((
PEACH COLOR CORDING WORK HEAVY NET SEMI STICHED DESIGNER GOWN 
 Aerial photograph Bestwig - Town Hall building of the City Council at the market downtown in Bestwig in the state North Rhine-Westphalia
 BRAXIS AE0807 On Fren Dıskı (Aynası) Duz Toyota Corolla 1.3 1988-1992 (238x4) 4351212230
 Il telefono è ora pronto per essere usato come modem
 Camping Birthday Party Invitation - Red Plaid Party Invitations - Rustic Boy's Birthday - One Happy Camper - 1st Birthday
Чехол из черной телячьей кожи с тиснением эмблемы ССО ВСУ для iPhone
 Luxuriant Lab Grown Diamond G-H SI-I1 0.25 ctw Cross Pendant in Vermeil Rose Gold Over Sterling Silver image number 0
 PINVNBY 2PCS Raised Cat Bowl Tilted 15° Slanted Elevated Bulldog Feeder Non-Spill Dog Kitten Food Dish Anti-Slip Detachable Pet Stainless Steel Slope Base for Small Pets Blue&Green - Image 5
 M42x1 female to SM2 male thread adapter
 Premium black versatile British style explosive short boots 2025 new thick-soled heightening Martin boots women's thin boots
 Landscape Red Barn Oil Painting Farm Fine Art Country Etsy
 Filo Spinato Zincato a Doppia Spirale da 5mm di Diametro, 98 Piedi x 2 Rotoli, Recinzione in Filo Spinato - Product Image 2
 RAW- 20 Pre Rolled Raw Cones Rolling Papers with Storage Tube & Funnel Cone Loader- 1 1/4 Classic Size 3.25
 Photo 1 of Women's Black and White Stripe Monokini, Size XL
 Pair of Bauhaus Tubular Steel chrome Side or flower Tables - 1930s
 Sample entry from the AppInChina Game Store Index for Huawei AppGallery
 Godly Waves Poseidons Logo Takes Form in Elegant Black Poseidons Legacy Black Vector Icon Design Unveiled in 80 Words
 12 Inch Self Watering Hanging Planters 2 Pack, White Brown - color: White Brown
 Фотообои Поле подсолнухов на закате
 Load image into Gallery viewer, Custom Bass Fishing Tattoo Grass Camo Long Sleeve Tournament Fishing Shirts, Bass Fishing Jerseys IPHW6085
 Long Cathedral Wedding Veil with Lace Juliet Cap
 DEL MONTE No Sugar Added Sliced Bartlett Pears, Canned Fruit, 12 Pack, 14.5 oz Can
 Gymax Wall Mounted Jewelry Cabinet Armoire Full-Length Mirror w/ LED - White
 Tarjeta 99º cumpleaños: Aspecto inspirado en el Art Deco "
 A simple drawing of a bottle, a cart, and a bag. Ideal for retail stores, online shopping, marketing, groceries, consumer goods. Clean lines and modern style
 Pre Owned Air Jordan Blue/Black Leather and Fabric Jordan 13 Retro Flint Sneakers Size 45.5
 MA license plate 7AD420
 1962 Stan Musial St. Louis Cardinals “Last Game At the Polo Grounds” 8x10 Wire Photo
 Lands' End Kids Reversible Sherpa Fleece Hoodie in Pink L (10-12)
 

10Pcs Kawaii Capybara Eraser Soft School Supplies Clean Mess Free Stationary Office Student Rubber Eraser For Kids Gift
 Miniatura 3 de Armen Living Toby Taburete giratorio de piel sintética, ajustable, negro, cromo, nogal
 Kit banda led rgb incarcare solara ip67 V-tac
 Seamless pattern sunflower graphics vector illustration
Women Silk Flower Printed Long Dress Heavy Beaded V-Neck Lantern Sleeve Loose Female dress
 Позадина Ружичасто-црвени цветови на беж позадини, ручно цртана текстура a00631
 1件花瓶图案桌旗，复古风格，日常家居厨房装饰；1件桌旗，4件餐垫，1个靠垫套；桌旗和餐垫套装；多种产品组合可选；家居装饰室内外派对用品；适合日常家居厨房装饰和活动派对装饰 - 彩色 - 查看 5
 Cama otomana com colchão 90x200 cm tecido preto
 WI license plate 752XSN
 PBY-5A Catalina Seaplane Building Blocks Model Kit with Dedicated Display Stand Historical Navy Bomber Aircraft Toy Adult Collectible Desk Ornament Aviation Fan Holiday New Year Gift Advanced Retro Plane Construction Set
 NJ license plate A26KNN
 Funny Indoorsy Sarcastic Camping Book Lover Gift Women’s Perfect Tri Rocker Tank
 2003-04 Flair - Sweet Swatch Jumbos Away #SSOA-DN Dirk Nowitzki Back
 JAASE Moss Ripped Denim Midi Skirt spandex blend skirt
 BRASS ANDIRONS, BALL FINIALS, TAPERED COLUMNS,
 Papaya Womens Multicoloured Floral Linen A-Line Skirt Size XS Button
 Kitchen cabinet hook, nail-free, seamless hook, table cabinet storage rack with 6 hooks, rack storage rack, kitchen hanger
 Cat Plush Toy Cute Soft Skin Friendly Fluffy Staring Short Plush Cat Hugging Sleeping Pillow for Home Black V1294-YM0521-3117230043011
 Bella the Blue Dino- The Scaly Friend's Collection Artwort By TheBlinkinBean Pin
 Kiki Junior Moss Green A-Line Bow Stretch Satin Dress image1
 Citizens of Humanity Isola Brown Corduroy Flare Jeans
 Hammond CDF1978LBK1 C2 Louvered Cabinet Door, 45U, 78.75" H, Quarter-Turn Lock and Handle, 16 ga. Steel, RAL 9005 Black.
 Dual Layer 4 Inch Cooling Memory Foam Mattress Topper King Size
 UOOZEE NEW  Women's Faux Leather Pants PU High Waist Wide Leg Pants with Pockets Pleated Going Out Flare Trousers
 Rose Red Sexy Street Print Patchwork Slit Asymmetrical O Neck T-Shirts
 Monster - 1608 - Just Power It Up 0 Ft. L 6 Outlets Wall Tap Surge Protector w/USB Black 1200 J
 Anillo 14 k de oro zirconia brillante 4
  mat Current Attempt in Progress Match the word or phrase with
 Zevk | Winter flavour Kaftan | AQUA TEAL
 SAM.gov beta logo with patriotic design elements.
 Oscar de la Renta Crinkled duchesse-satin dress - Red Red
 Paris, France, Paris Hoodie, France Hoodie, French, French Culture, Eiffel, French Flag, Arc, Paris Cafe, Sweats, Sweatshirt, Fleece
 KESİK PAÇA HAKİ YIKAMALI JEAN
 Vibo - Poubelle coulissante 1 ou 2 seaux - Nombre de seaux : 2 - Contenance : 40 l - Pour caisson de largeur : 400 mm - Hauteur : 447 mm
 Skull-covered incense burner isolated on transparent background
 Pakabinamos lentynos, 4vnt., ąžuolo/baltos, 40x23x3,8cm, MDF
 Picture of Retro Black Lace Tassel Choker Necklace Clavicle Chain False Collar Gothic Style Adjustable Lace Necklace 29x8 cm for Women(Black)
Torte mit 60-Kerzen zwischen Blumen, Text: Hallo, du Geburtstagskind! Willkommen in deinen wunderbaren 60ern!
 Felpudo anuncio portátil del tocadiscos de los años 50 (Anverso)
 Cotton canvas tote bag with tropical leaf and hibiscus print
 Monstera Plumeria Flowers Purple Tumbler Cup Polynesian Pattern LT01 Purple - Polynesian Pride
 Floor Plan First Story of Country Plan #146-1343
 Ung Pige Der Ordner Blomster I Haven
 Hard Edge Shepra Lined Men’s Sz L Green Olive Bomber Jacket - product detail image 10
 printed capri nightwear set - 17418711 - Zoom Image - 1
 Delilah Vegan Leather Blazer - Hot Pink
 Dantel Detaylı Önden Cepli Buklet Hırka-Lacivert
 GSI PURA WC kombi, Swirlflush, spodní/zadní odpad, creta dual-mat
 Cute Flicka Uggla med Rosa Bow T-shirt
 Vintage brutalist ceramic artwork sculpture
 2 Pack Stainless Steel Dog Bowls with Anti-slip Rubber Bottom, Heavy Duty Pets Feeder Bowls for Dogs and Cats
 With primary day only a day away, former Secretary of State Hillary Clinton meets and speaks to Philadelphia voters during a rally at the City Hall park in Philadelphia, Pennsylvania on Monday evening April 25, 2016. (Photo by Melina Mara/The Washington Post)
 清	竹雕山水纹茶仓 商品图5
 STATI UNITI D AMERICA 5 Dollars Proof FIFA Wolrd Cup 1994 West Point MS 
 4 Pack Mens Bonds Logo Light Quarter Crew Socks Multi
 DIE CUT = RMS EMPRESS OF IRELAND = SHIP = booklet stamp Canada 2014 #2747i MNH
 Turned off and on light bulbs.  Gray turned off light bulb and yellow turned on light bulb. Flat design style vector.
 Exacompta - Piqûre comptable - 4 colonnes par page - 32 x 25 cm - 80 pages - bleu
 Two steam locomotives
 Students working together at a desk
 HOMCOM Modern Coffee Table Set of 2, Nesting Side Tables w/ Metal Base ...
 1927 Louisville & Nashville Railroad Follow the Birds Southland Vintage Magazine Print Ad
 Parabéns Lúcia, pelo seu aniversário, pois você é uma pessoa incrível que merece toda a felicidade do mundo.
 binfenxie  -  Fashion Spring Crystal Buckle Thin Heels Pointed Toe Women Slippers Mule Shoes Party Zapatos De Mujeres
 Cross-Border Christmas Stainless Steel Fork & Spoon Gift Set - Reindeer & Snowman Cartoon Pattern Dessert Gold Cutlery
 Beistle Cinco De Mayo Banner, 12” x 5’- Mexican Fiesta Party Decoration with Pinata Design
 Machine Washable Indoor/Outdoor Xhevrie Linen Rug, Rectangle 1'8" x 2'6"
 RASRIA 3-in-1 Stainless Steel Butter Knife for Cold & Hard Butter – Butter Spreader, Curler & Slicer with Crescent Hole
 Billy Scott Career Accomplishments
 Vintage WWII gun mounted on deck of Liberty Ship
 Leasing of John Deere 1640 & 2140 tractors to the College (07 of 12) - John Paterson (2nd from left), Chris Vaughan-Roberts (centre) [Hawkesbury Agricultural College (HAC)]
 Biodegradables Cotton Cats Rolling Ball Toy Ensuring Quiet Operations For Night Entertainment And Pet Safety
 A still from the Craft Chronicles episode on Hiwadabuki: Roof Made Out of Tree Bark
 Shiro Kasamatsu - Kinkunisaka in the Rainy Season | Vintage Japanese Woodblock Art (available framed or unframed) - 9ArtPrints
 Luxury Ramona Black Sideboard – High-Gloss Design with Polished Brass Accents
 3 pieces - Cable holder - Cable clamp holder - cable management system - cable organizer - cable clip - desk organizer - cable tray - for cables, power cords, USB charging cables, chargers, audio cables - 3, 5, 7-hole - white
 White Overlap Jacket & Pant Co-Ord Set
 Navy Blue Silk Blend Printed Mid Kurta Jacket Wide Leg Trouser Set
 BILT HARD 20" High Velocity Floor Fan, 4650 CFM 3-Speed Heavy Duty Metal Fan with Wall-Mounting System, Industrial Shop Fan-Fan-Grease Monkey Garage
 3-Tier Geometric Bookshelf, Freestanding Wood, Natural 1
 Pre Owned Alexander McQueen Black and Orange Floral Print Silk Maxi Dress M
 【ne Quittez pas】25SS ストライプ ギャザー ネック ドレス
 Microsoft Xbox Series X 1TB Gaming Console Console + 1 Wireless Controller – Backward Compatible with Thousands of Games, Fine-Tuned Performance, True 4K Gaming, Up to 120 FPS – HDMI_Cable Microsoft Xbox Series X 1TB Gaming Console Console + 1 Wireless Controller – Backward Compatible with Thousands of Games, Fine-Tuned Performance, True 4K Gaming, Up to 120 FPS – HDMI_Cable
))
Would you please copy, word for word, everything above from the line containing "2 Pack Stainless" down to the line containing "Turned off and", those two lines included?

> **ANSWER TO THE PROBLEM**:
 2 Pack Stainless Steel Dog Bowls with Anti-slip Rubber Bottom, Heavy Duty Pets Feeder Bowls for Dogs and Cats
 With primary day only a day away, former Secretary of State Hillary Clinton meets and speaks to Philadelphia voters during a rally at the City Hall park in Philadelphia, Pennsylvania on Monday evening April 25, 2016. (Photo by Melina Mara/The Washington Post)
 清	竹雕山水纹茶仓 商品图5
 STATI UNITI D AMERICA 5 Dollars Proof FIFA Wolrd Cup 1994 West Point MS 
 4 Pack Mens Bonds Logo Light Quarter Crew Socks Multi
 DIE CUT = RMS EMPRESS OF IRELAND = SHIP = booklet stamp Canada 2014 #2747i MNH
 Turned off and on light bulbs.  Gray turned off light bulb and yellow turned on light bulb. Flat design style vector.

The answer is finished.